ニューヨークと東京、2つの先行指標都市でトレンド発掘を続けるツタガワ・アンド・アソシエーツがお届けする、小売りに携わるマーケッターのための考察録
■ツタガワ・トレンド・リサーチについて
7.17.2008
フローズンヨーグルト、再び

このところニューヨークでは1980年代を再生するような動きがいろいろ見られるが、フローズンヨーグルトの人気もそのひとつである。フローズンヨーグルトとは、ヨーグルトを撹拌して空気を含ませながら、砂糖などを加えてアイスクリームと同じように凍らせて作るスウィーツで、その特性はアイスクリームやジェラートに比較して圧倒的に低脂肪・低カロリーで、かつ身体にいい乳酸菌を含むという点にある。それがヘルシーなスウィーツとされる理由で、80年代初め、フローズンヨーグルトは、エアロビクスダンスが人気になり、みずみずしい心身の維持への関心が高まることと歩調を合わせて雨後の筍のように開発され登場するヘルシーレストランの定番デザートとなり、一大ブームを巻き起こしたのである。

ブームは去ったがヘルシーな食事を志向することが継続するトレンドになることと歩調を合わせて、フローズンヨーグルトはトンレディな食べ物ではないが、定番のスウィーツとして消え去ることはなかった。それが今度は、21世紀に入ってヨガが新しいエクササイズとして浸透していくことと密着して改めてみずみずしい心身の維持への関心が高まり、この定番化していたスウィーツを表舞台へと引き出すことになったのである。

ニューヨークにおけるフローズンヨーグルトを楽しむスポットと言えば、百貨店のブルーミングデールが1975年に店内に導入以来、その最も有名な存在であり続けている「フォーティー・キャロッツ(Forty Carrots)」がある。このカフェはヘルシーメニューを特色にするもので、そこでのイコン・メニューになっているのがフローズンヨーグルトである。その人気のほどは、7階のベッドリネン売場の奥にありながら、これを食べに、あるいはテイクアウトしにやって来る(テイクアウトを促進する巨大なテイクアウトエリアを設けている)顧客の行列ができていることでよくわかる。

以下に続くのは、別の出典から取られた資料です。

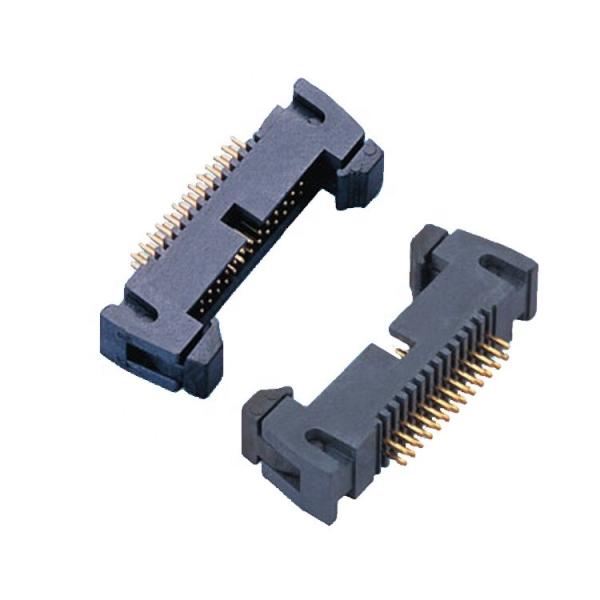 DIP Shrouded 40 Pin Header Connector Double Row Ultrashort Ear 2.54 Mm Pitch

「フォーティー・キャロッツ」もさることながら、このところのブームの火付け役となったのは新興勢力である。なかでも注目されるのが、3年前に韓国系女性がロサンゼルスで起業し、最近ニューヨークにも進出してきた「ピンクベリー(Pinkberry)」である。このチェーンは酸味系の味覚を特色にプレーンとグリーンティーの2種類のフレーバーがあり、これに好みに応じて、ラズベリー、キーウイ、マンゴーをはじめとするフレッシュフルーツをはじめ、グラノラ、アーモンドなど18種のトッピングを取り合わせて楽しむ。なお、ここが提供するフローズンヨーグルトの食感に独自性をもたらしているのが「もち(mochi)」である。これは餅の細片を好みによってミックスするもので、ナタデココに似た食感があり、これに惹かれるリピーターも多い。

「ゴールデンスプーン」。常時15種類前後のフレーバーを提供、ペーパーカップ入りでミニサイズ320円からラージサイズ580円まで。

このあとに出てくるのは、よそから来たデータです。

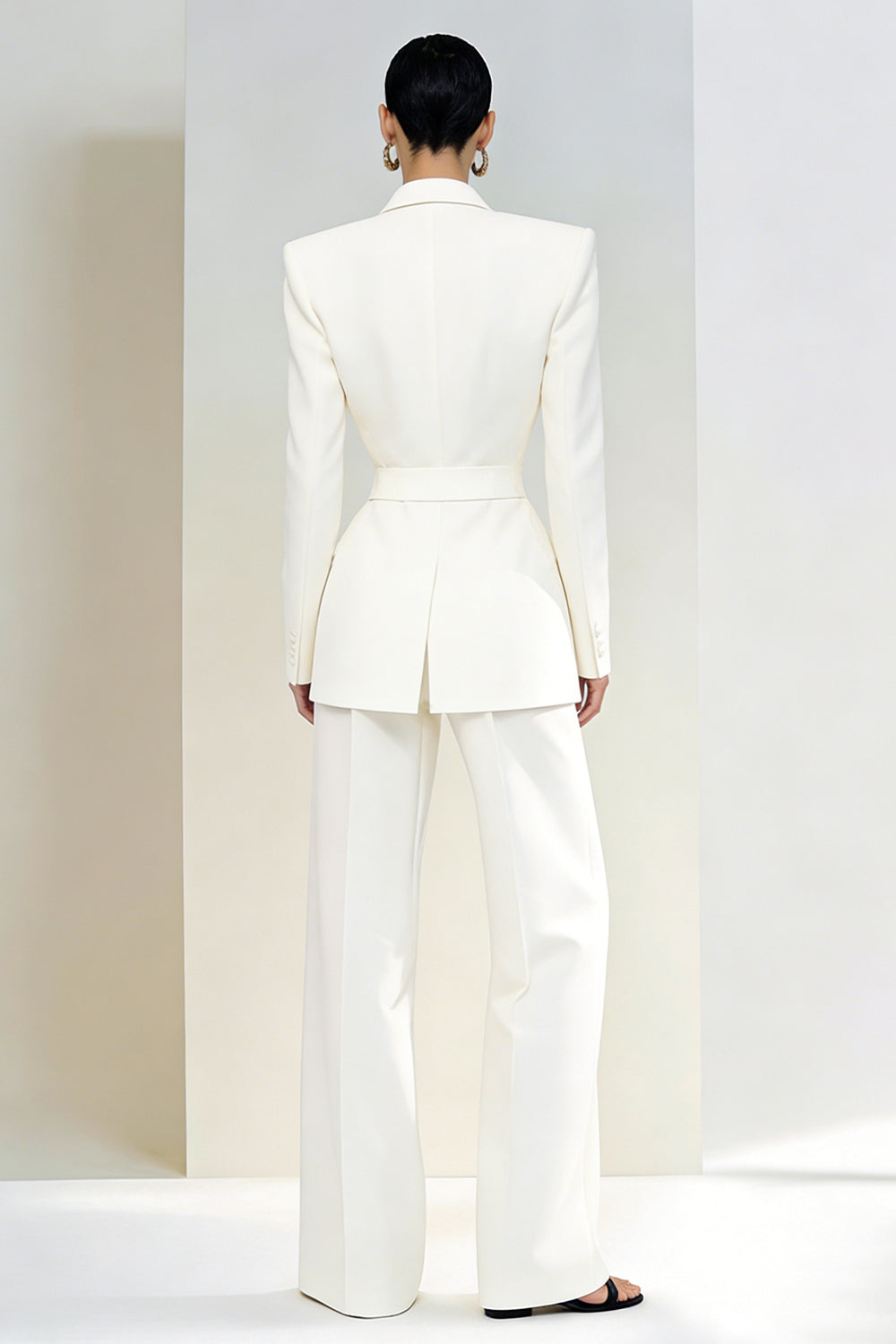 2 Piece Ivory Peak Lapel Single Breasted Business Suits with Sleeves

フローズンヨーグルトは最近、東京においても改めて注目を浴びるものになりつつある。その発端になったと言えるのが、今年3月、六本木にオープンしたアメリカ・南カリフォルニア発のフローズンヨーグルト・チェーン「ゴールデンスプーン(Golden Spoon)」である。全米に90店舗を展開する「ゴールデンスプーン」は「アイスクリーム好きのためのフローズンヨーグルト」をうたい文句にするもので、実際、この店のフローズンヨーグルトは特有の酸味がなく、日本で言うソフトクリームのようなコクと滑らかさ、柔らかな食感である点が魅力になっている。勿論、それでいてアイスクリームよりも低脂肪・低カロリーで、カロリーは一般的なアイスクリームの約3分の2であると言う。このほか、5月に渋谷のビーム1階にオープンした「ピンクスウィートベリー」も見逃せない。こうして東京でもフローズンヨーグルトに対する新しい目覚めが起きてきているのだが、おそらくは情報消費の新しいテーマとなり、フローズンヨーグルト探検が盛り上がってくることになろう。